Exercise details
Below is some data. Retype exactly the lines starting at the one with "Tapiz Con Marco" and ending at the one with "1FMCU9JD8HUC58242 Ford Escape Titanium".

Caption-style text data

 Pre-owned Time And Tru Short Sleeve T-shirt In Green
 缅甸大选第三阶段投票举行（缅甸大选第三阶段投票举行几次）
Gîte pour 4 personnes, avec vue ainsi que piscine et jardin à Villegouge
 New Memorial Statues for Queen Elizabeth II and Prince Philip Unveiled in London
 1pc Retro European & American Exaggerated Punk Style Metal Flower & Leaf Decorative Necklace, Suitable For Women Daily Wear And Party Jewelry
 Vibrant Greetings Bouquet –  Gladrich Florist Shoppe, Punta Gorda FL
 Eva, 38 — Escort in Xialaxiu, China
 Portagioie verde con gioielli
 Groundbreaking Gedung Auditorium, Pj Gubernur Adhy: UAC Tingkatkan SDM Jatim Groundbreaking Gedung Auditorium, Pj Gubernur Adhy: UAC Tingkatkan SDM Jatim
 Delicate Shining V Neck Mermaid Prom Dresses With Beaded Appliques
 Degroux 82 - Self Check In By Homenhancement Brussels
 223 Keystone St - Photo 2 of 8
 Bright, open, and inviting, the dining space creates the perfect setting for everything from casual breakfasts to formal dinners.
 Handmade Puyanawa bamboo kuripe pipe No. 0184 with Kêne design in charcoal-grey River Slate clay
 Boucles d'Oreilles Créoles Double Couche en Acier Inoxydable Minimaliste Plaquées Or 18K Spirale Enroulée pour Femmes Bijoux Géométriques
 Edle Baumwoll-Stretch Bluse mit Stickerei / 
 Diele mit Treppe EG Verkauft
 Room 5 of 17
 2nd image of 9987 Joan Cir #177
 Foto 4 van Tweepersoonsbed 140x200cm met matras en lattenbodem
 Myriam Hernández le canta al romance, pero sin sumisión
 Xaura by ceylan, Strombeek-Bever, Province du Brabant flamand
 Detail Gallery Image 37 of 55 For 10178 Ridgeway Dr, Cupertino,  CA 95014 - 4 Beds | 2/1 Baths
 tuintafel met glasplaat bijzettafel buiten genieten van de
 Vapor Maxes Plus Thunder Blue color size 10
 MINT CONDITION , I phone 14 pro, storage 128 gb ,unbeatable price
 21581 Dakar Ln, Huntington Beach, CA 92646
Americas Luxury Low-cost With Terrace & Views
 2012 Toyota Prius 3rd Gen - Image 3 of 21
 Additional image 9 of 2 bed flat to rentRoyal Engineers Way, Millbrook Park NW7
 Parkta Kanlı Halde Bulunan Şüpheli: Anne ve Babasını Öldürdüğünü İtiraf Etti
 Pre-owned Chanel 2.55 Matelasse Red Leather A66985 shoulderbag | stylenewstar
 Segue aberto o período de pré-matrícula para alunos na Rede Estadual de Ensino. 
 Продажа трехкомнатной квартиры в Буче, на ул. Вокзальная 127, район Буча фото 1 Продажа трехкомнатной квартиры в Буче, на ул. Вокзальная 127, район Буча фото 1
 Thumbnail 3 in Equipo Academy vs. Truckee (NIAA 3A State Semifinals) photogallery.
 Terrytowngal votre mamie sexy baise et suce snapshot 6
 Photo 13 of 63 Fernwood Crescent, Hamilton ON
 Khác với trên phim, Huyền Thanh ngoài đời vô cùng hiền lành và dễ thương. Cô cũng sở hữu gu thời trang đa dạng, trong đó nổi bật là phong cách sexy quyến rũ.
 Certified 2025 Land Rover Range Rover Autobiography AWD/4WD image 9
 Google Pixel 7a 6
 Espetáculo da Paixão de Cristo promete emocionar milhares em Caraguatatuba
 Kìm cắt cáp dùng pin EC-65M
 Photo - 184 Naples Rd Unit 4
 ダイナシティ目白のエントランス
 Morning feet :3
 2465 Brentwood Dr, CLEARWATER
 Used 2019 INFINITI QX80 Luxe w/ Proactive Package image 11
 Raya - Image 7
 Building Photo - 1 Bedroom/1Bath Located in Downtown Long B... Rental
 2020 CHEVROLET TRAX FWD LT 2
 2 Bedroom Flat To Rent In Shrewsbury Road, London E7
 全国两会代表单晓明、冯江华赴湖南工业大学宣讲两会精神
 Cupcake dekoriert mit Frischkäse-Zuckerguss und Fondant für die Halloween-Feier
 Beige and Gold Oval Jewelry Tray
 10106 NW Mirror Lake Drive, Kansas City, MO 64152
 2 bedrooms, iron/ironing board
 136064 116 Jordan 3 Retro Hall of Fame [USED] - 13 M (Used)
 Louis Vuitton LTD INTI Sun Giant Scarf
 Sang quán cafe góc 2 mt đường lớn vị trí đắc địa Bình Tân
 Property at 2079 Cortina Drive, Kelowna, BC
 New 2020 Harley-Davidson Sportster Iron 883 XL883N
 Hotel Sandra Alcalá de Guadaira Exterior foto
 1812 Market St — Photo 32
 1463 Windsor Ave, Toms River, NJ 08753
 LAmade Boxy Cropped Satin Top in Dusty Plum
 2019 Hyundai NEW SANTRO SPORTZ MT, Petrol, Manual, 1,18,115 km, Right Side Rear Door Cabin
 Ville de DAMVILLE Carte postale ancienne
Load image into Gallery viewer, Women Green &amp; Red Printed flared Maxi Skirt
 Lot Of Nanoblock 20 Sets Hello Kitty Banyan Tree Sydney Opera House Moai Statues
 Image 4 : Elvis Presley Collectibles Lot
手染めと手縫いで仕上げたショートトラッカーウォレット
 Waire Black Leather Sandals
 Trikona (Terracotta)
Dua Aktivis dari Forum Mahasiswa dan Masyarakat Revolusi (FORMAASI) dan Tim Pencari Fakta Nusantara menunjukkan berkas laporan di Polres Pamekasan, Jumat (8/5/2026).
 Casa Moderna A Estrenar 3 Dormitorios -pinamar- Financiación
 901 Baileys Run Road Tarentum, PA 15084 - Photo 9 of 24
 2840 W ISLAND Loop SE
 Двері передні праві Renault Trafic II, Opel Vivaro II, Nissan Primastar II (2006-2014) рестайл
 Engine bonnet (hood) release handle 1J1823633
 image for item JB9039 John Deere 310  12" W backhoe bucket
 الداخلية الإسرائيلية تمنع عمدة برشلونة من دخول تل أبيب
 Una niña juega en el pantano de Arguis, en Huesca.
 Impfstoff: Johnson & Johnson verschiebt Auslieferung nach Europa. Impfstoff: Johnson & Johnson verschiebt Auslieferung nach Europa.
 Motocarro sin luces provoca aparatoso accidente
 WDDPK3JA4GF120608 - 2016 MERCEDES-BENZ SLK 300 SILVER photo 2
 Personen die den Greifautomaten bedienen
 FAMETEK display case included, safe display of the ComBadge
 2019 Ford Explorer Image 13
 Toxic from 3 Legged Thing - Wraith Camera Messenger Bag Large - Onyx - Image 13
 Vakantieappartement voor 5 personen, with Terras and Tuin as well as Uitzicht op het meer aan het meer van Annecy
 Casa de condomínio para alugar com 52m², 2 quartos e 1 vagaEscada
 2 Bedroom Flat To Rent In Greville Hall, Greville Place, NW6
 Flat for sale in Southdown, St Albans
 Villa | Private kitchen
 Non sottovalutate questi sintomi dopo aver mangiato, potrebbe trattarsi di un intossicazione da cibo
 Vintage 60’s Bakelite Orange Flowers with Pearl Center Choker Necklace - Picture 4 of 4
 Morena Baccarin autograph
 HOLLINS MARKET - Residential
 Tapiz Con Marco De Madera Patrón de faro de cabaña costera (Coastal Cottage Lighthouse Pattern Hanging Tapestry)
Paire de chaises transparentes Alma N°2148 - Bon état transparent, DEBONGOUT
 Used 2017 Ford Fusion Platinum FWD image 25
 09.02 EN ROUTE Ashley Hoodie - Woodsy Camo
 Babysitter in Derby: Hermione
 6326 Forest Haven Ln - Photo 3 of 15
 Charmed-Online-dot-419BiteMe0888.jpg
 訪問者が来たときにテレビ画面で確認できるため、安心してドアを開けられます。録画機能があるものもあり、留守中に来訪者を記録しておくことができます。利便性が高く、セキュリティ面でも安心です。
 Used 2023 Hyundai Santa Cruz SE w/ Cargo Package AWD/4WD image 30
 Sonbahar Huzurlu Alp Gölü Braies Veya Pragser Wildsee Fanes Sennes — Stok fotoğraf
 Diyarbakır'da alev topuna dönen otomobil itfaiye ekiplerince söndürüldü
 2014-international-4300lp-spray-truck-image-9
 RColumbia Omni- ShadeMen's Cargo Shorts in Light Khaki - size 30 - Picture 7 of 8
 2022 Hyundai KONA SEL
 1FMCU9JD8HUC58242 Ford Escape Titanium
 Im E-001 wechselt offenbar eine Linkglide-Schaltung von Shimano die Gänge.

Solution for this exercise
 Tapiz Con Marco De Madera Patrón de faro de cabaña costera (Coastal Cottage Lighthouse Pattern Hanging Tapestry)
Paire de chaises transparentes Alma N°2148 - Bon état transparent, DEBONGOUT
 Used 2017 Ford Fusion Platinum FWD image 25
 09.02 EN ROUTE Ashley Hoodie - Woodsy Camo
 Babysitter in Derby: Hermione
 6326 Forest Haven Ln - Photo 3 of 15
 Charmed-Online-dot-419BiteMe0888.jpg
 訪問者が来たときにテレビ画面で確認できるため、安心してドアを開けられます。録画機能があるものもあり、留守中に来訪者を記録しておくことができます。利便性が高く、セキュリティ面でも安心です。
 Used 2023 Hyundai Santa Cruz SE w/ Cargo Package AWD/4WD image 30
 Sonbahar Huzurlu Alp Gölü Braies Veya Pragser Wildsee Fanes Sennes — Stok fotoğraf
 Diyarbakır'da alev topuna dönen otomobil itfaiye ekiplerince söndürüldü
 2014-international-4300lp-spray-truck-image-9
 RColumbia Omni- ShadeMen's Cargo Shorts in Light Khaki - size 30 - Picture 7 of 8
 2022 Hyundai KONA SEL
 1FMCU9JD8HUC58242 Ford Escape Titanium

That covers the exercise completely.